Yes, they were both a bit mad, but I was far from sane myself. I’d been uprooted from my life and hurled into another because of the two men whose words scrambled my mind, mouths marked me in bruises, and touches sent my senses haywire.

It resembled a giant puzzle. Like the pieces I had were right, but I couldn’t see the whole picture because I didn’t know where to put them. How to connect them.

“I get that.” She wiggled her feet hidden in the warmest boots I could find for her. “Not knowing things. It sucks.”

“It does.”

Minutes passed as we gaped at the sky. I thanked the gods for mesmerizing her enough to forget everything for the time being.

Seventeen and pregnant, assigned at the auction to a partner who controlled her food intake, and rescued from him by a pure accident of me meeting her in the bakery and then that grocery store.

It truly sucked.

“I’ll come back for you in half an hour,” I said as I got up, then made my way to the tree line. She needed some time alone.

I’d invited her to join us at the girls’ night we had after we’d bugged Ava enough to agree to host it despite her victory against us during the knife-throwing lesson. Malaya’s decline had been like a kick to my gut.
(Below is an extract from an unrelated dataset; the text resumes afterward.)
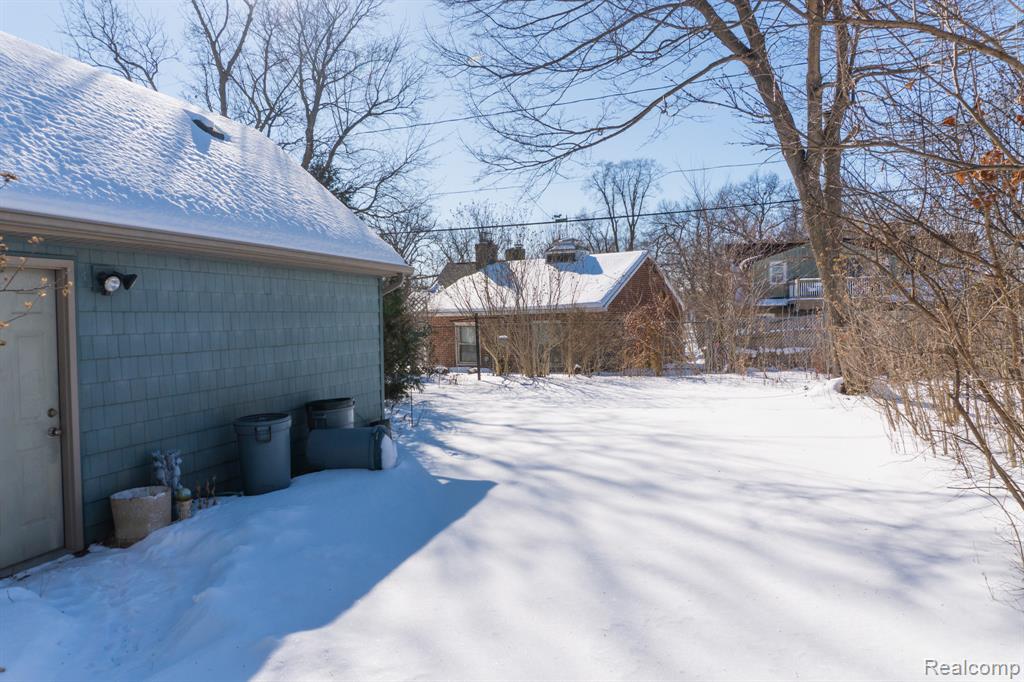 825 Frank Street, Flint, MI 48504 — Photo 6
It would’ve done her good.

We’d spent the night devouring a giant tub of chocolate ice cream Ava had produced from somewhere and sharing gossip.

Our stomachs had bloated, and we’d lain spread over each other on Ava’s bed and the floor, teasing Jayla about seeing her on her knees in the hall the night of my tattoo.

She’d hidden her blush under a blanket as Ava didn’t hold back, much to Jayla’s chagrin. And our joy.

I ducked under a low branch as I strolled deeper into the forest. I’d never spent a night with friends before. It was the best.

“Not going to punch me this time?”

Startled, I stumbled.

“I would not be opposed to another fight knowing how the last one ended,” Gedeon drawled, leaning against a maple tree, arms folded across his chest.

“Not worth it. Wasn’t as good as you think.”